Like the works of August Wilson, Dominique Morisseau’s Skeleton Crew, the final play in the Detroit trilogy, is a perfect display of African American life and the life of a lot of people crushed by the car industry, health care and corporations. There is a fine line to crime and the levels of what is right and wrong when you are homeless, desperate for the every day life essentials such as food and shelter and your job is disappearing before your eyes.
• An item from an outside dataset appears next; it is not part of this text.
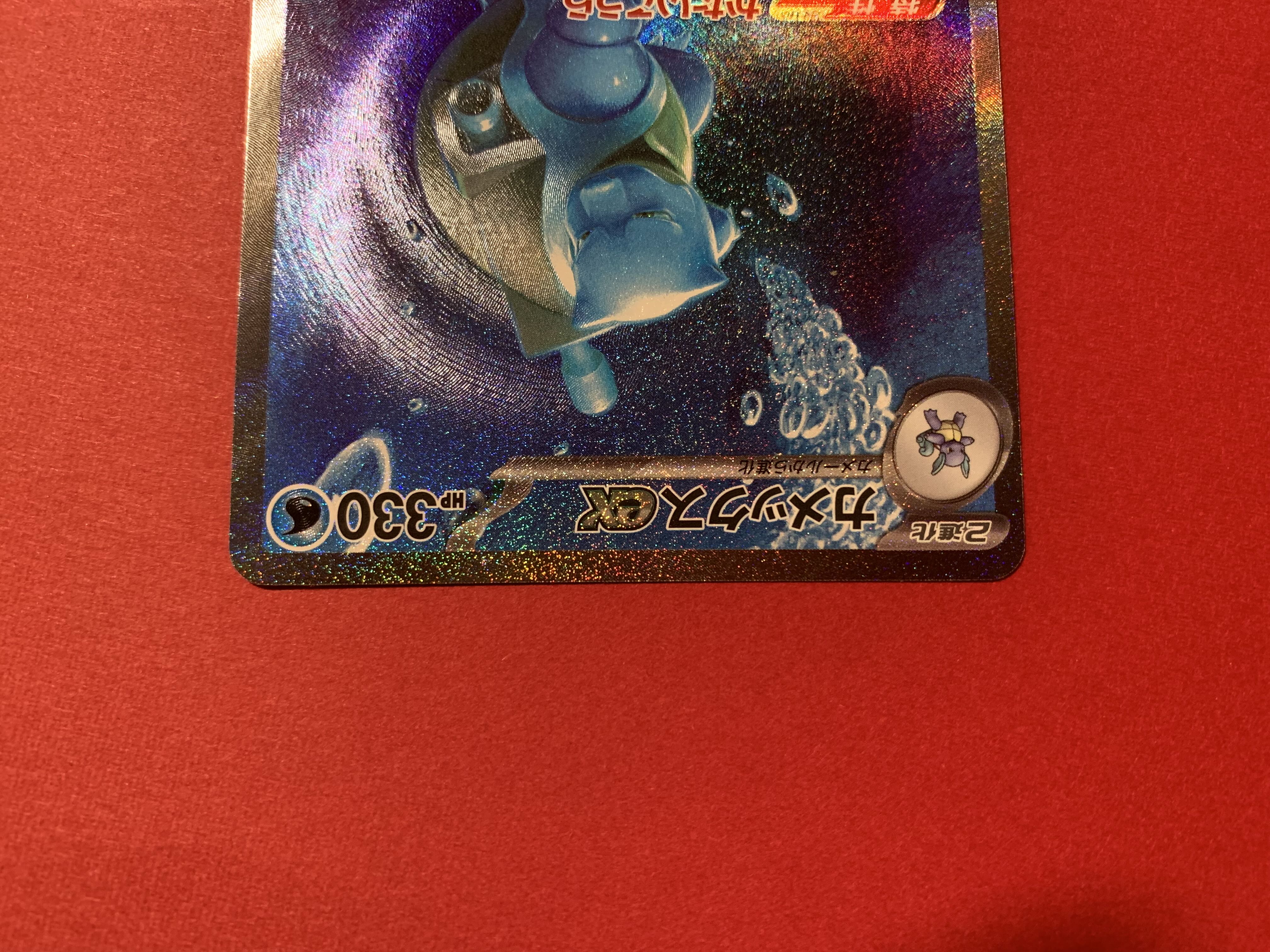 Blastoiseex SAR 202/165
Here we are brought to 2008, the height of the recession and the last automobile plant is about to fall. Union leader Faye (Lynda Gravatt), has had Cancer. Thanks to the medical bills she ha been left to live in her car and now the office due to the freezing weather. She has worked for this factory for 29 years or what seems like forever. She is proud, gay and defiant. Reggie (Wendell B. Franklin), her foreman, is caught between friends, family and management. When Reggie confides to her that the plant will be shutting down, both Reggie and Faye have to examine their loyalties.
What is left of the factory is Dez (Jason Dirden), who dreams of a life beyond the factory and Shanita (Nikiya Mathis), a pregnant single mother to be, a proud second-generation line worker. Dez and Shanita, have a tension of sexual chemistry. When rumors of the downsizing hit parts start to go missing from the plant.
As these last of their kind, cling to the last of their dignity
Ruben Santiago-Hudson directs this piece with heart. He deftly uses a robotic dancer (Adesola Osakalumi) to assimulate assembly line work and it is effective. Lynda Gravatt is fierce as a women forced into homelessness but still retains her dignity and humanity. Wendell B. Franklin shows the conflict of the piece with layering. Jason Dirden keeps you guessing as to who is the real theif. His chemistry with Nikiya Mathis is radiant and sweetly portrayed. Michael Carnahan set places us in the ugliness of life and how even squaller can feel like home.
In the end our hearts break and we feel the pain of those who lose so much but retain their souls. I look forward to seeing more of Ms. Morisseau’s work.
Skeleton Crew: Atlantic Theatre Company, Linda Gross Theatre, 336 West 20th St. until June 19th.